Botanical composition in ten 1-m² quadrats was assessed in accordance with the method of Scimone et al. (28) with average proportions between 2017 and 2020 of 59.7 ± 9.6, 59.2 ± 13.5, and 53.7 ± 10.9% grasses and of dicotyledonous species of 26.1 ± 5.7, 27.8 ± 6.8 and 25.7 ± 6.2 (± SD) in M, L and VL, respectively. Further studies showed that within grazing intensities, the botanical composition differed between short and tall patches as a consequence of modified resource availability for light and soil nutrients (4). Tonn et al. (11) observed larger phytodiversity in short patches compared to tall ones, and Perotti et al. (29) found that species in tall patches had higher competitiveness and the ones in short patches higher stress tolerance according to the competitor, stress tolerator, ruderal (CSR) theory after Grime (30).

The in vitro organic matter digestibility as assessed using near-infrared reflectance spectroscopy in ten continuous observation plots of 1 m² size per paddock were 78.5 ± 7.4, 76.2 ± 6.2 and 74.6 ± 6.0% (mean ± SD) on average over 2017 to 2020 in M, L and VL, respectively. No patch-specific forage quality data was assessed in the present study. We know, however, from the beginning of the grazing experiment, that tall and short patches differ in the stem-to-leaf ratio toward the end of the growing season (27) with consequences for forage quality (3). Pavlu et al. (31) indicated differences in patch-specific forage quality and a recent study by Ebeling et al. (10) on the same site 12 years after extensive grazing revealed that the short patches were less productive and likely remained in a vegetative state as a consequence of selective grazing.

Data Analysis

Statistical analyses were carried out with the software R (32). Linear mixed effects models were calculated for each target variable using the package “nlme” (33). For this, every period was analyzed separately. Outliers were eliminated if present by considering values ranging 1.5-fold above the 75th or below the 25th percentile of the interquartile range (34). For all analyses, ~ <5% of the data were excluded as outliers. Normality of the residuals was checked by visual inspection of quantile–quantile plots. Variance homogeneity was evaluated by plots of residuals vs. fitted values and residuals vs. predictor values (35). Multiple contrast tests according to Tukey's test for significant influencing factor levels were followed using the “emmeans” package (36) after analysis of variances.

The daily distance was regressed on the fixed effects of grazing intensity and date as well as their interaction. The cow nested in block was modeled as a random effect in order to account for correlation between measurements on the same object. Then model reduction was performed from the global model using the MuMIn package (37). The model with the lowest AICc was chosen as the final model.

To assess the diurnal patterns within days, models with fixed effects of grazing intensity, hour per day and their interaction and the random effect of the block and cow nested in block were generated. The dates per period were treated as replicates and the interaction between hour and date was consequently not considered. The hourly walking distance was log-transformed before analysis in order to improve normality of residuals.

The average period-wise herbage allowance was determined in order to assess the strength of competition for forage resources which may drive the walking distances in pastures (23). For this, the herbage allowance was regressed on the fixed effect of grazing intensity and the random effect of block. The herbage allowance was square-root transformed before analysis.

To quantify the extent of spatial clustering within period and grazing intensity treatment, each paddock was rasterized into 400 5 × 5 m squares.
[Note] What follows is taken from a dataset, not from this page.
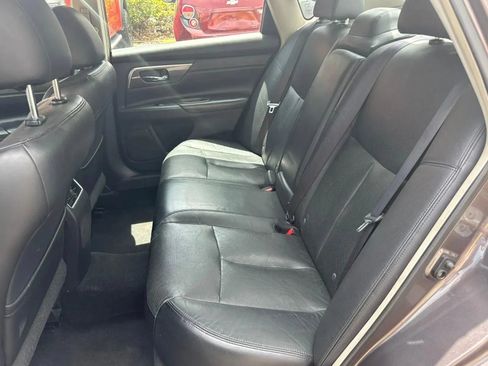 Used 2013 Nissan Altima 2.5 SL w/ Technology Pkg FWD image 16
GPS locations were split into two groups: “active time” included all animal locations during the activity peaks in the morning and afternoon, as determined from the analysis of walking distance per hour. “Other time” included all other animal locations. For each of these sets, the duration (min) spent within each grid cell was calculated. These values were then used to determine the Camargo Index of Evenness across all cells within paddock and period (38) for both groups. The Camargo index allows to assess spatial patterns and the relative distribution of GPS locations within each paddock. Values near zero indicate a patchy distribution and values near one a homogenous distribution (38). This index is, thus, a metric for the requirement of searching to fulfill the herbage intake in relation to the grazing intensity. The Camargo Index was then analyzed in models with the grazing intensity as fixed and block as random effect separately for each period. For other time, the approach was similar.

The relationship between the activity of time spent grazing, (grazing time in min hour⁻¹, based on the activity sensor measurements) and the hourly walked distance was analyzed in an analysis of covariance with the walking distance per hour as covariate, the grazing intensity and the interaction of both as fixed and the block as random effect. Variance adjustments were allowed per date in that model. A significance level of p ≤ 0.05 was chosen throughout.

All spatial maps were plotted with QGIS (3.10.12 “A Coruña”).

Results

Average Daily Walking Distances Within Each Grazing Period

Differences of the daily walking distances between grazing intensities were mostly significant but depended on the grazing period (Tables 3, 4). While in 2017 and autumn of 2019, the daily walking distances were affected by the grazing intensity (Table 3), no effects were found in 2020 and spring of 2019 (although p < 0.1). In most periods, walking distances were largest for grazing intensity M (not in 2020), while they were lowest for grazing intensity L in most periods (not in 2017) and those of VL tended to range between them (Table 4). The daily distances varied between 2,592 m (2017 grazing intensity L) and 3,929 m (2020 grazing intensity VL).

TABLE 3

Table 3. Output of linear mixed effects models for the analyzed parameters of interest during each grazing period.

TABLE 4

Table 4. Estimated means ± se (standard error) of linear mixed effect models for every period.

Average Hourly Walking Distances Within Each Grazing Period

The interaction between hour per day and the grazing intensity affected the hourly walking distance in all periods (Table 3). A strong diurnal pattern became evident with a shift in the activity peaks during the autumn 2019 period compared with the other periods (Figure 1). The main activity was recorded in the hours 5, 6, 7 a.m. and 7, 8, 9 p.m. (spring and summer periods). In autumn, the activity peaks were narrower, comprising the hours 7, 8 a.m. and 5, 6, 7, 8 p.m. (Figure 1). These time periods were considered as “active time” when the Camargo Index was calculated. On average, they encompassed 40% (M), 39% (L) and 39% (VL) of daily walking distances. The main periods of inactivity occurred during night time and between the activity peaks (Figure 1).

FIGURE 1

Figure 1. Estimated means (±SE) of the average hourly walking distance (m) as influenced by the grazing period, grazing intensity and hour per day. M, moderate; L, lenient; VL, very lenient grazing intensity.

The hourly walking distance and the grazing time (spring 2019) were positively related, with the slope depending on the grazing intensity treatment (Figure 2) as indicated by the significant interaction between distance × grazing intensity.

FIGURE 2

Figure 2. Functional relationship between the hourly walking distance and grazing time per hour (spring 2019) for the three grazing intensities (model prediction). M, moderate; L, lenient; VL, very lenient in spring 2019.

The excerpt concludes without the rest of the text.